The U.S. Food and Drug Administration approval provides a new option for patients with the most common type of kidney cancer

The U.S. Food and Drug Administration (FDA) recently added lenvatinib (Lenvima) to the armamentarium for oncologists treating certain patients with the most common form of kidney cancer diagnosed in U.S. adults – renal cell carcinoma.

Lenvatinib is intended for use in combination with everolimus (Afinitor) for treating patients with advanced renal cell carcinoma that has progressed despite treatment with at least one other antiangiogenic therapeutic, a type of anticancer agent that prevents tumors from establishing the blood and lymphatic vessel networks they need to grow and survive. The combination improved progression-free survival for patients compared with everolimus alone.

This is the second antiangiogenic therapeutic in a short space of time to be approved by the FDA as a treatment option for patients with renal cell carcinoma that has progressed following therapy with at least one prior antiangiogenic agent. The other, cabozantinib (Cabometyx), was approved for treating this group of patients in late April 2016. Five other antiangiogenic therapeutics are approved as the initial treatment for patients with advanced renal cell carcinoma.

Antiangiogenic therapeutics target a combination of the many molecules that promote new blood and lymphatic vessel growth within a tumor. In many cases, they also target molecules that promote tumor growth and cancer progression in other ways.

Each antiangiogenic therapeutic targets a slightly different combination of molecules, thereby working in slightly different ways. Therefore, even if a patient’s tumor develops resistance to one antiangiogenic therapeutic, he or she is often treated with a second member of this class of anticancer therapeutics.
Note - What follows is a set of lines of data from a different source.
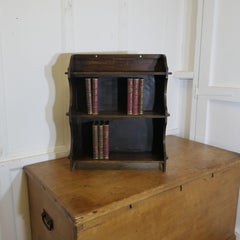 Oak Wall Hanging Shelf    This charming little shelf unit has a solid back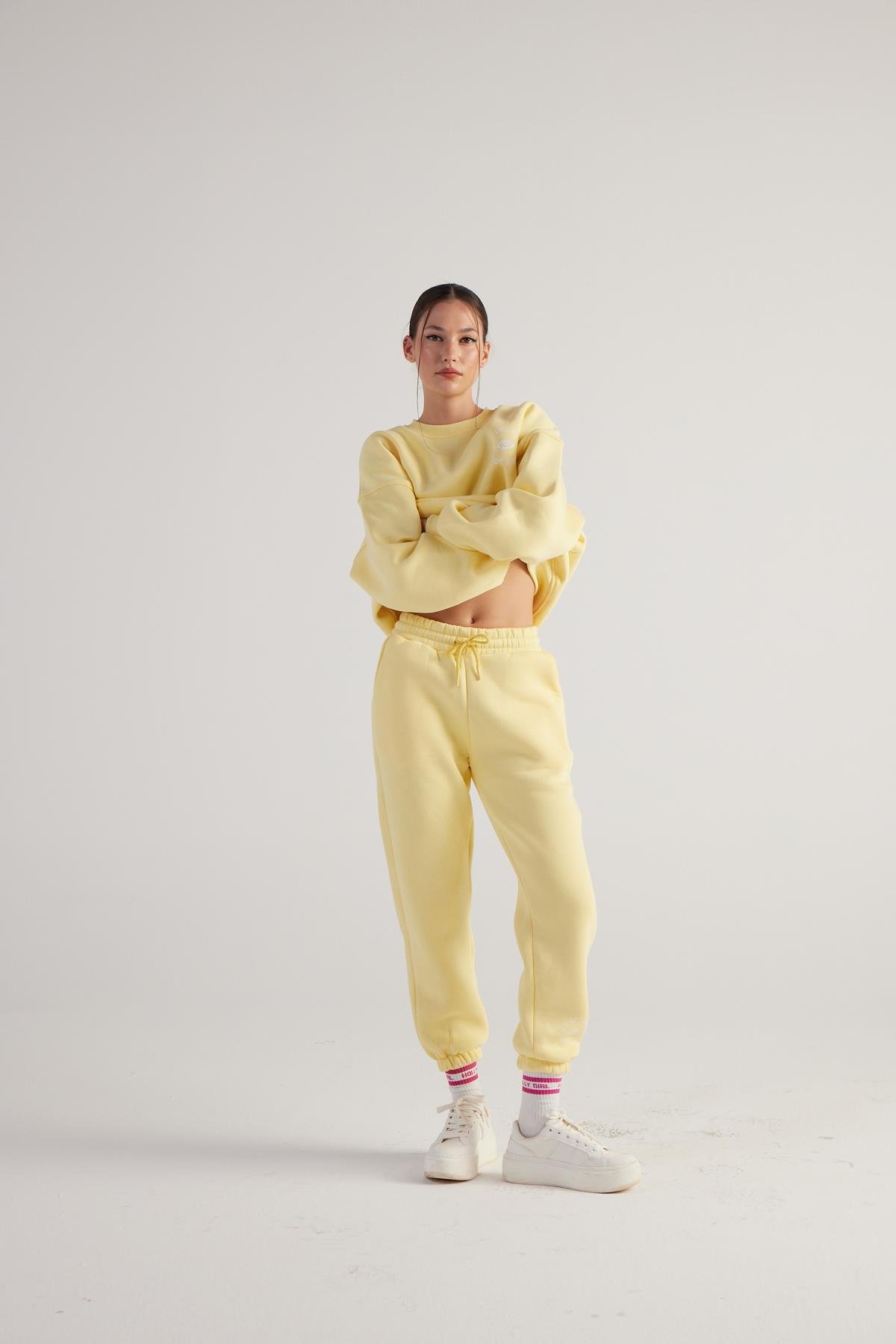 Fine Sweatpants Yellow
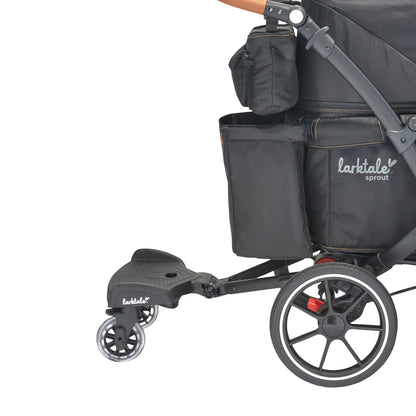 Larktale Universal Ride-Along Stroller Board with Removable Seat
The FDA based its approval of lenvatinib in combination with everolimus for advanced renal cell carcinoma on results from a randomized, phase II clinical trial. Initial results from the trial, published in The Lancet Oncology in November 2015, showed that adding lenvatinib to everolimus more than doubled the time before disease progressed for patients with renal cell carcinoma who had previously been treated with one or more antiangiogenic therapeutic. Specifically, progression-free survival was 14.6 months for the combination arm compared with 5.5 months for the everolimus arm. The FDA announcement stated also that the combination resulted in a 33 percent reduction in the risk for death compared with everolimus alone.

This decision by the FDA expands the number of cancer types for which lenvatinib is approved. The FDA first approved lenvatinib in February 2015 for patients with locally recurrent or metastatic differentiated thyroid cancer that has progressed despite radioactive iodine therapy

Given that researchers are currently testing the antiangiogenic therapeutic in clinical trials as a potential treatment for a number of other types of cancer, including liver and non-small cell lung cancer, we hope to hear of further expansions in the use of lenvatinib in the future.

The FDA approval was rendered on April 11, 2016.